The metaverse may have only recently entered mainstream consciousness, but the concept has been kicking around in tech circles since Neal Stephenson introduced it in his 1992 novel, “Snow Crash.”
But though Stephenson imagined a network in which people gather in a virtual world via avatars—and Ernest Cline combined that idea with pop culture sensibilities in “Ready Player One”—neither author conceptualized NFTs, the blockchain-based assets that signify a deed of ownership over digital or real-world assets.
So where do NFTs fit into a metaversal world? According to Brian Trunzo, metaverse lead at Polygon Studios: everywhere.
“I think anything that can become an NFT will become an NFT,” Trunzo told Decrypt in an interview at ETHDenver. According to Trunzo, the path toward a world like the one in “Snow Crash” or “Ready Player One” means that “everything within those worlds will necessarily be NFTs.”
That’s perhaps not surprising. Polygon Studios, after all, is working to create NFTs, games, and metaverse projects for the eponymous Ethereum sidechain. The more popular non-fungible tokens become in the metaverse, the more the venture studio has to gain.
But Trunzo is also particularly bullish on a particular segment of the metaverse: clothing. “The fashion world is a $2 trillion economy. And many thinkers, myself included, believe that digital fashion will dwarf that someday.”

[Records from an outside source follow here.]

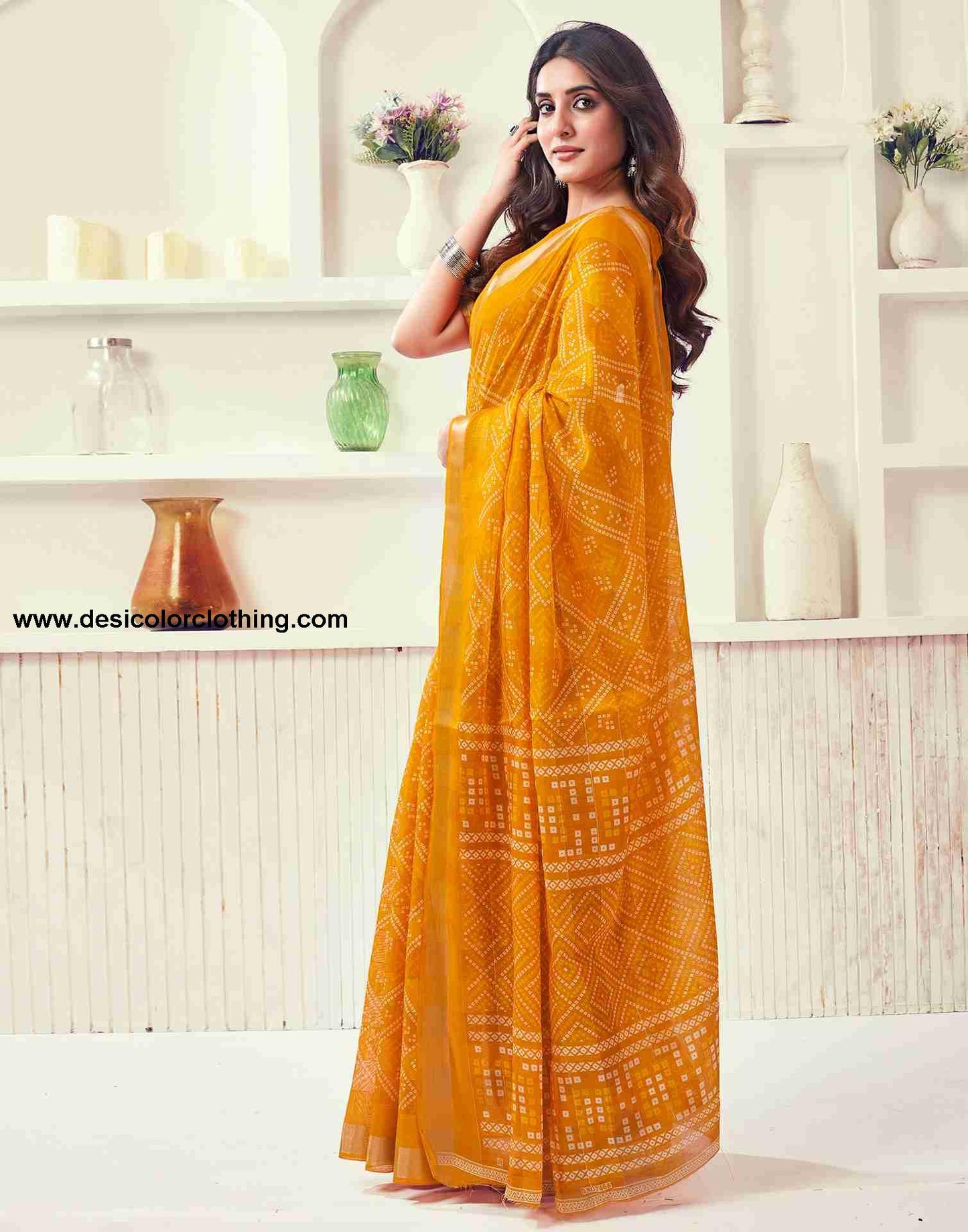 Yellow Cotton Printed Saree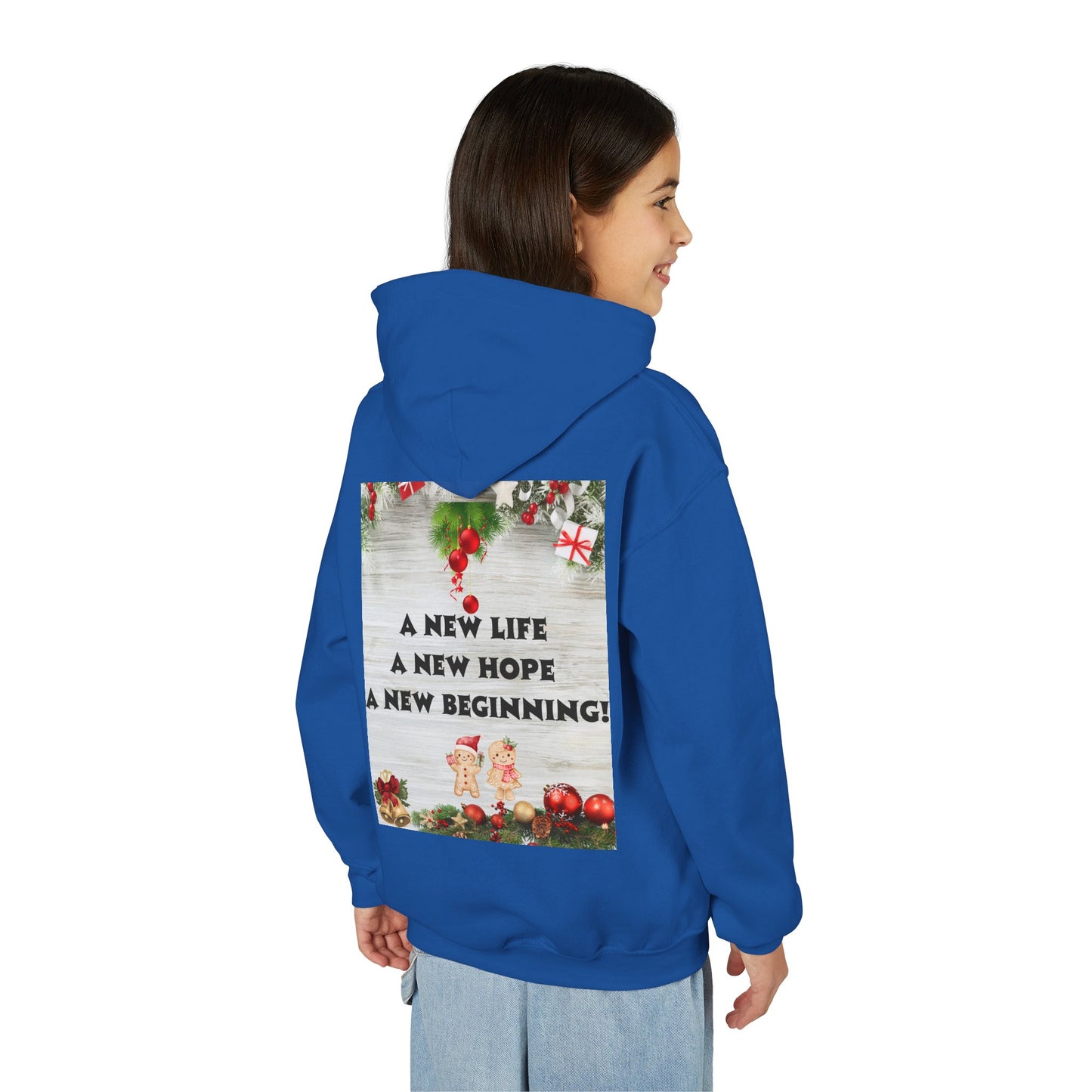 Youth Hooded Sweatshirt - Christmas Cheer, Cozy Holiday Gift, Festive Sweatshirt for Kids, Seasonal Wear, New Year Celebration
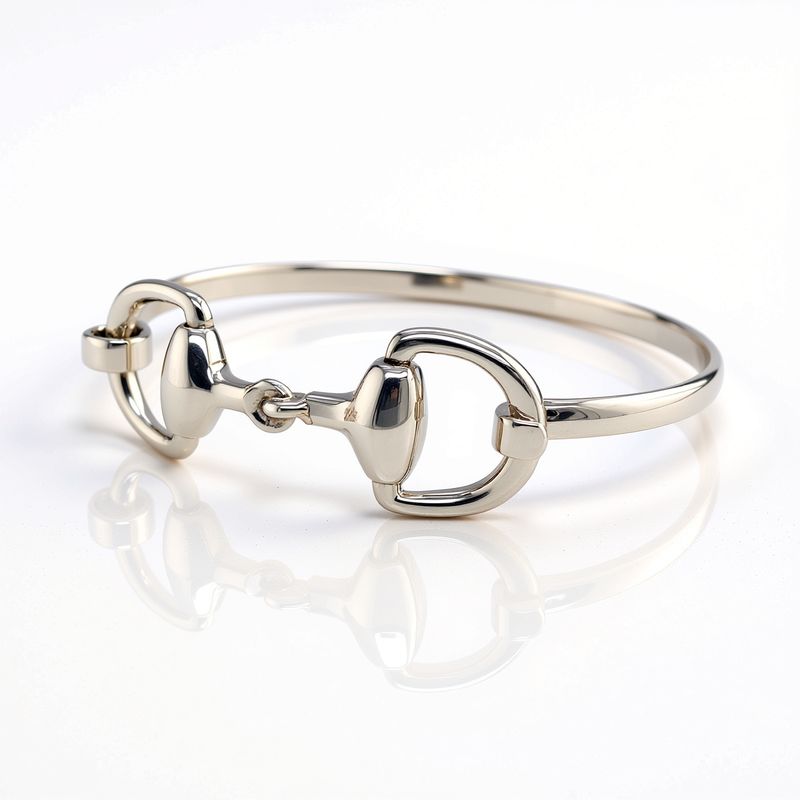 Sterling Silver  Double Horse Bit Bangle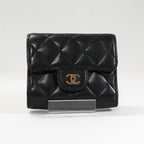 Chanel Quilted CC Logo Trifold Wallet Lambskin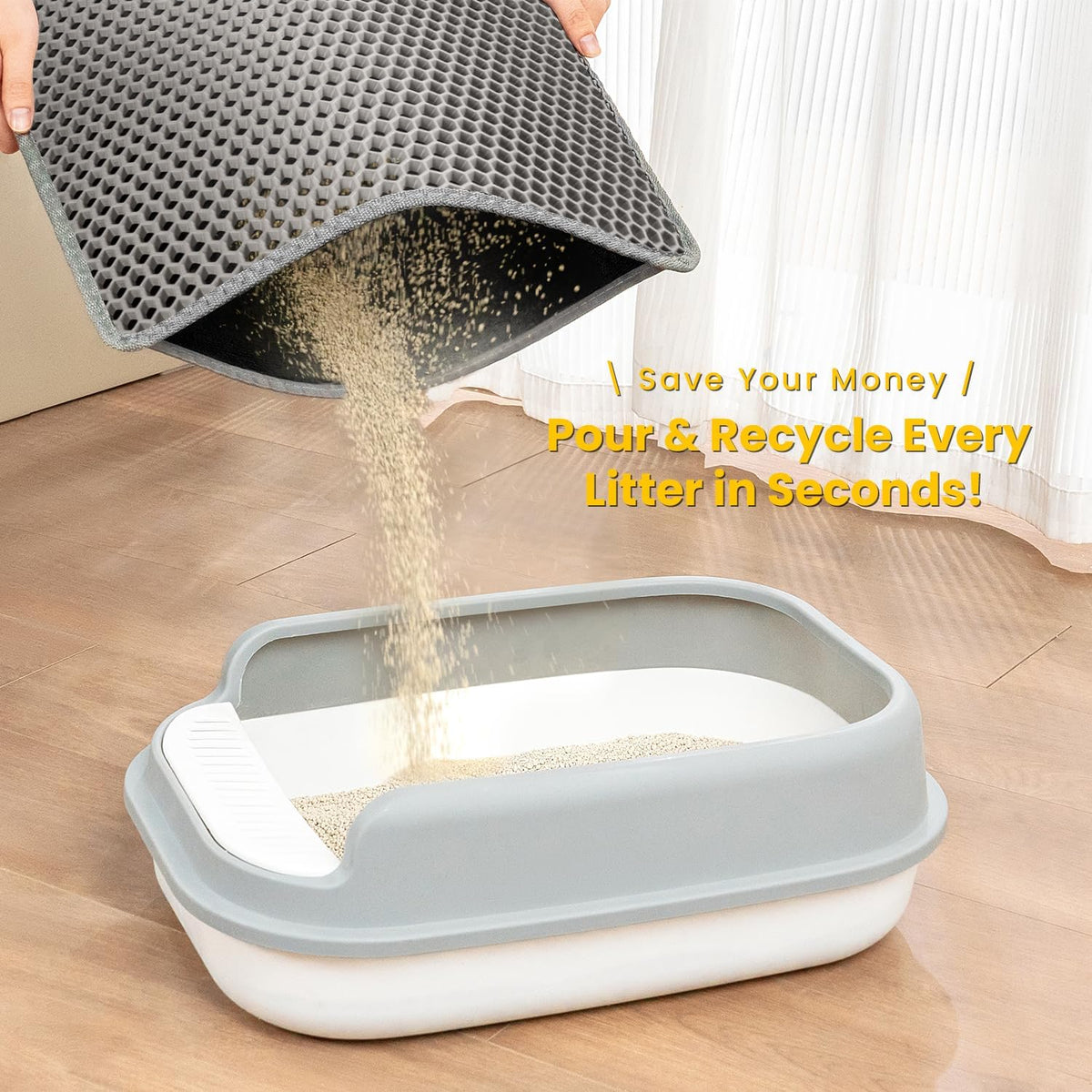 Cat Litter Mat New Size 23.6"x14.6" for Small Spaces, Upgrade Super Waterproof Back Layer Litter Box Mat, Non Slip, Durable, Soft on Paws Kitty Trapping Matt, Gray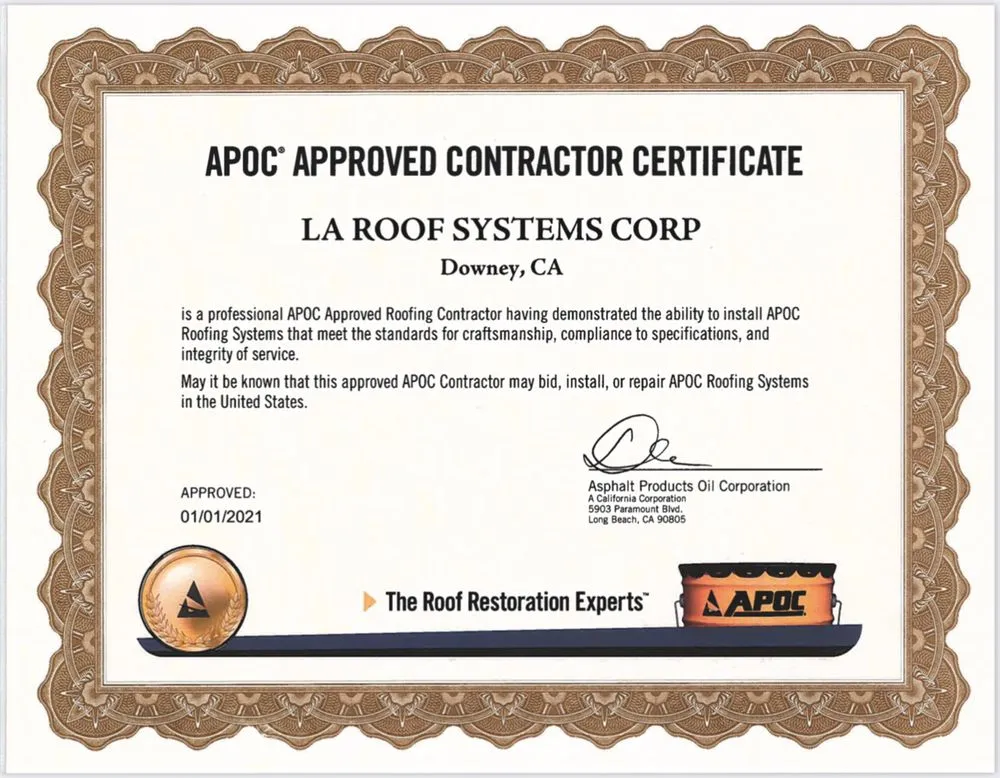 Slide of LA Roof Systems Corporation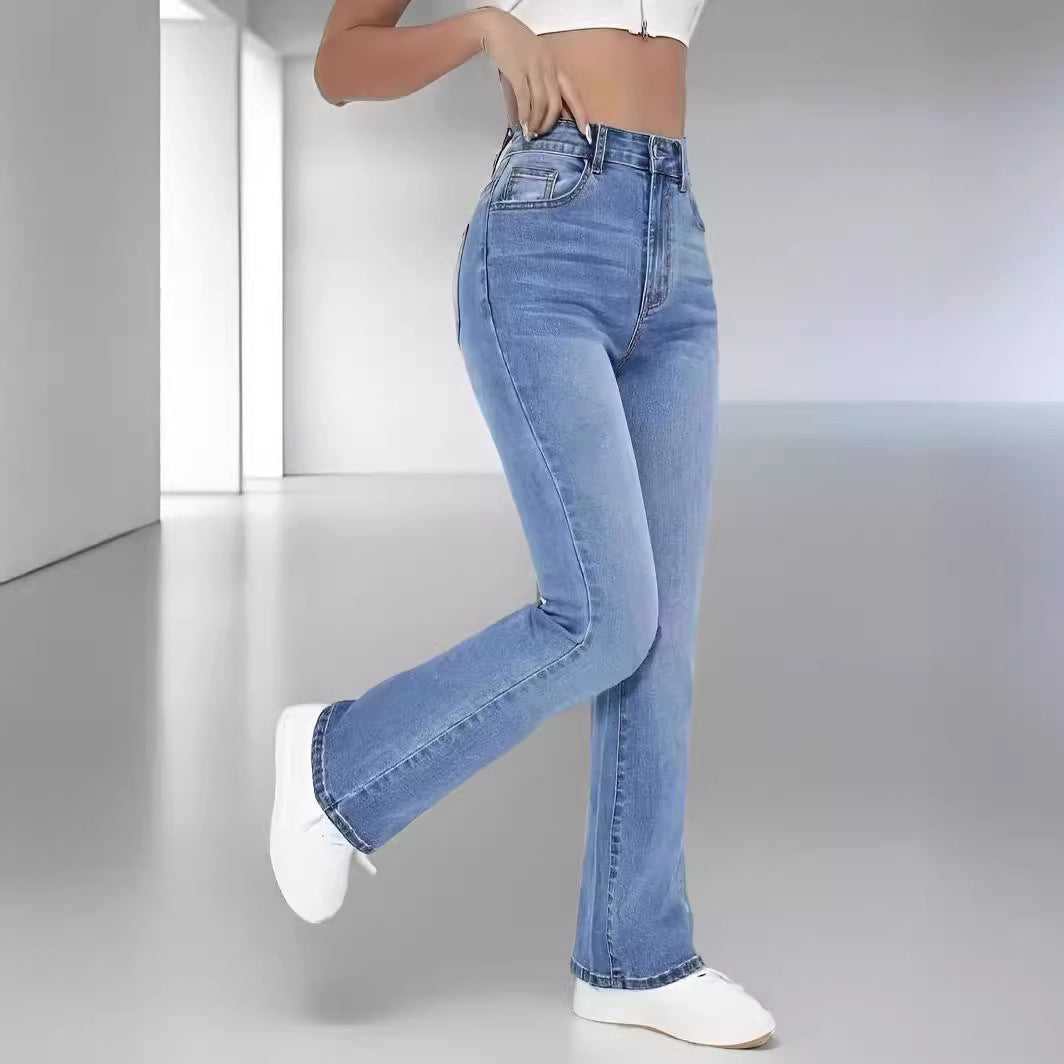 Damjeans Med Hög Midja, Raka, Smala Passformer Och Stretch I Denimblandning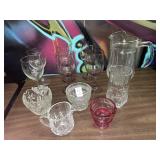 Pink stemware glasses, pitcher & variety of glass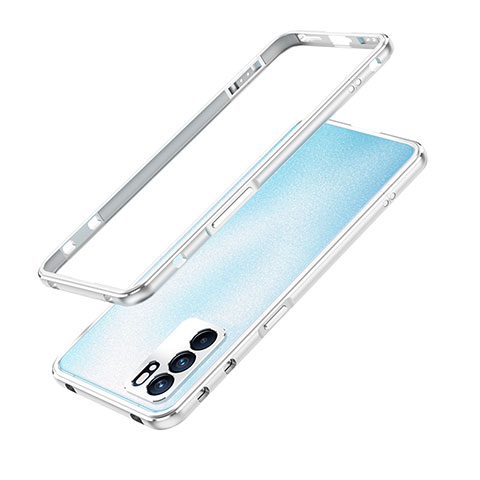 Custodia Lusso Alluminio Laterale Cover S01 per Oppo Reno6 Pro 5G India Argento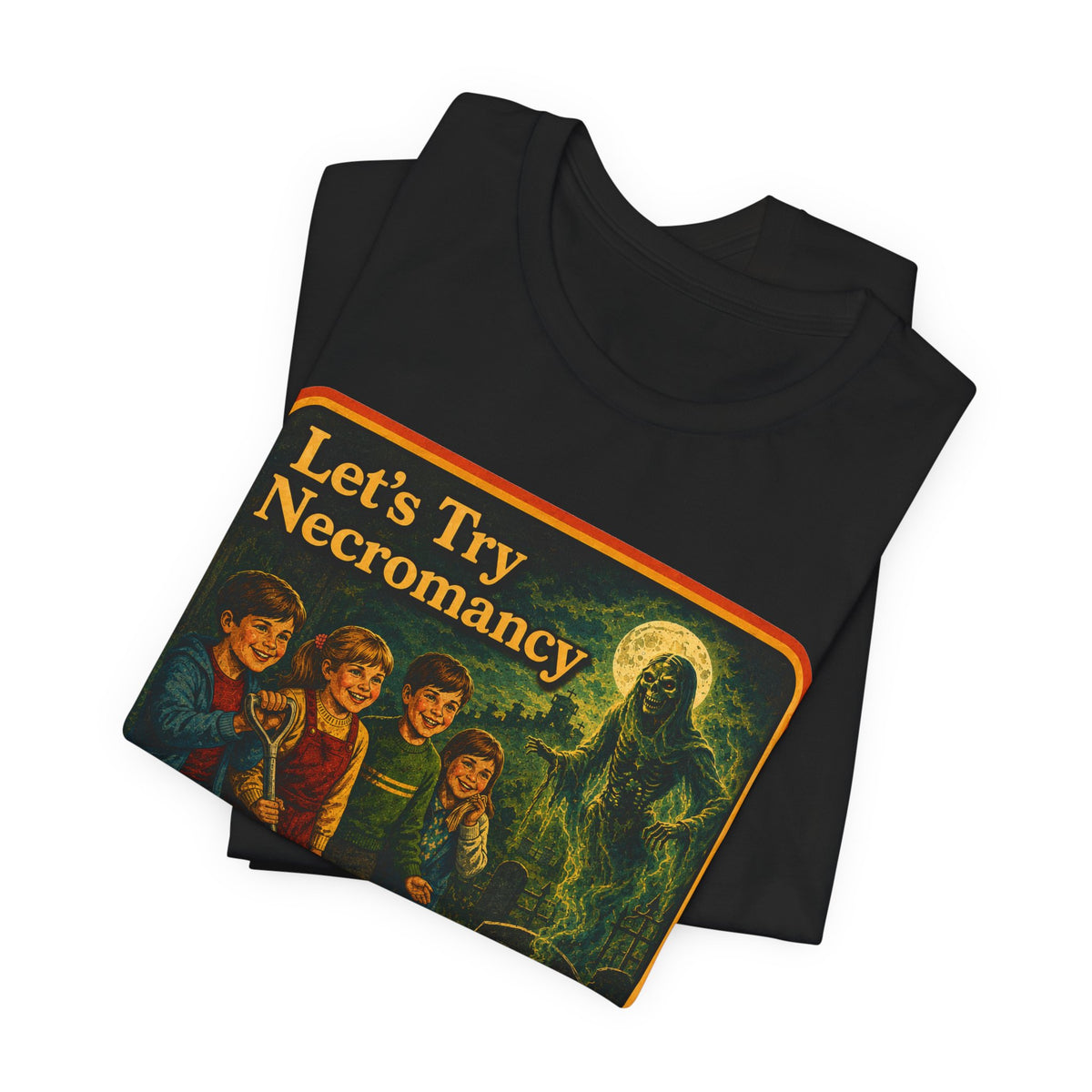 Let's Try Necromancy Unisex Tee in Black, view 3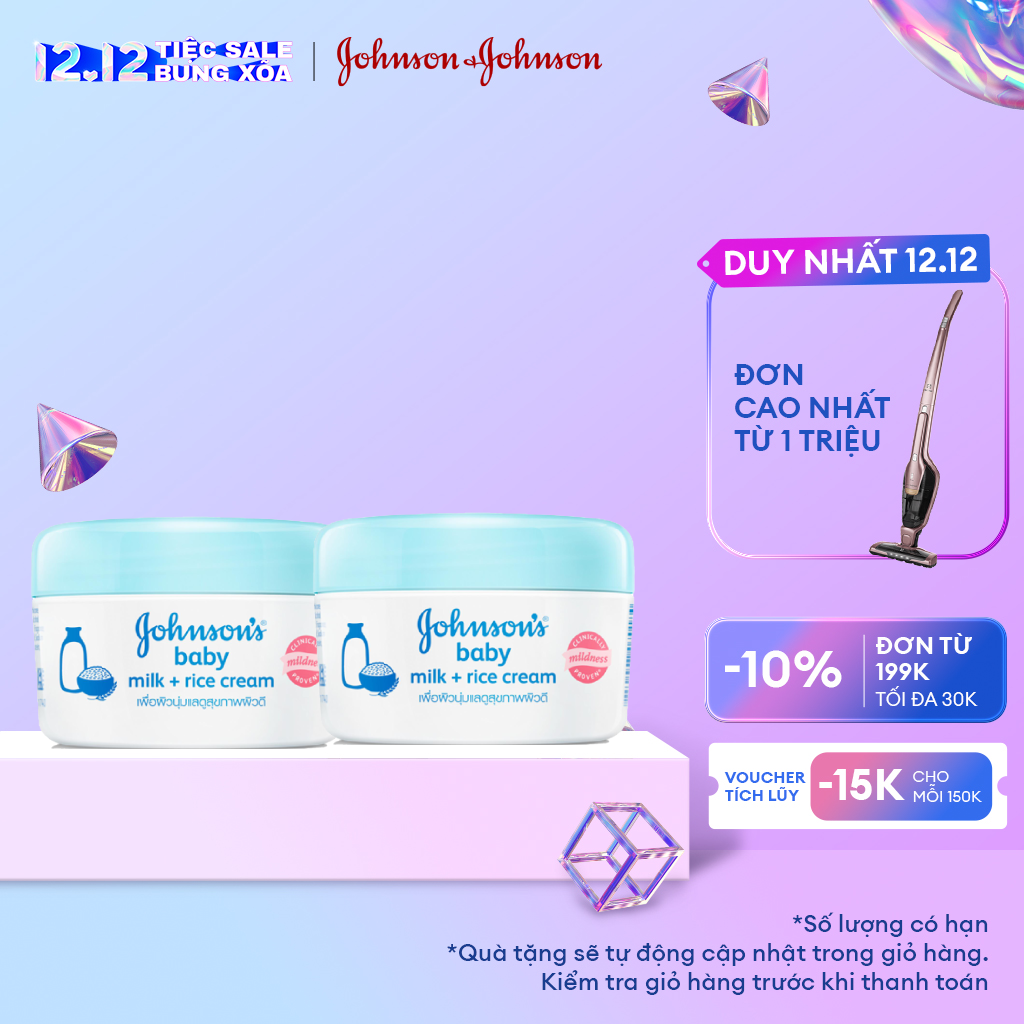 Combo 2 kem dưỡng da chứa sữa & gạo johnson's baby 50g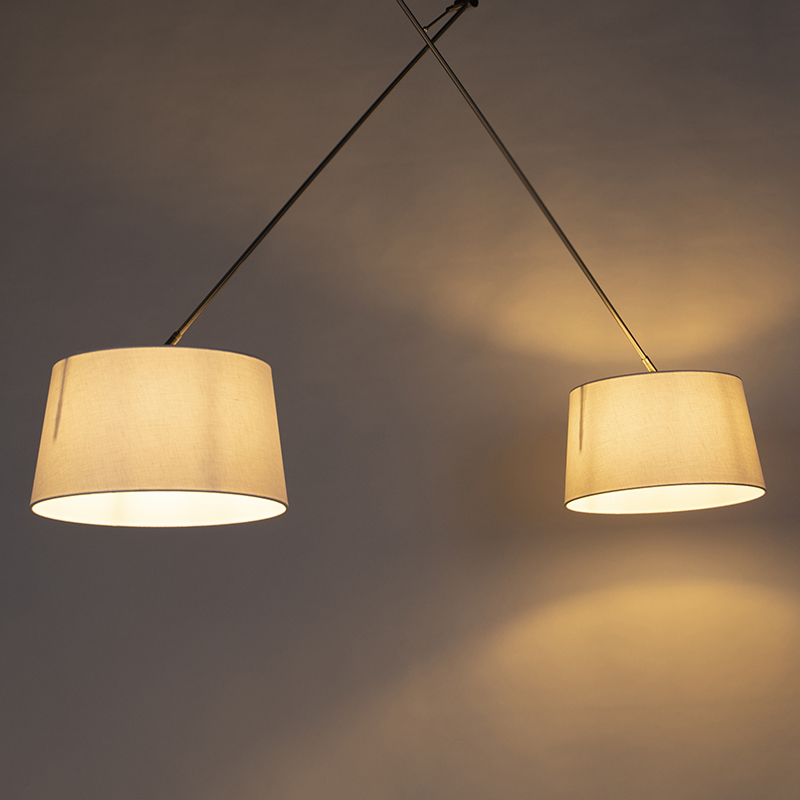 Pendant Light Steel with Linen Shades White 35 cm 2-Light - Blitz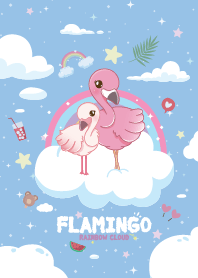 Flamingo Rainbow Cloud Blue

Indeed, shoe and fashion companies have been prepping a move into the postmodern. In December, Nike bought up RTFKT Studios, which focuses on sneaker-themed NFTs. Milan-based designer Dolce & Gabbana has been integrating NFT wearables into its fashion shows.
Said Trunzo: “It’s just a massive opportunity.”
Yet it doesn’t have to be alienating for consumers, who might fear that the non-fungibility, or uniqueness, of NFTs will be cost-prohibitive, said Trunzo, speaking about everyday items within the metaverse: “It doesn’t have to be a scarce resource. There could be many of them—but it will be NFT-ized.”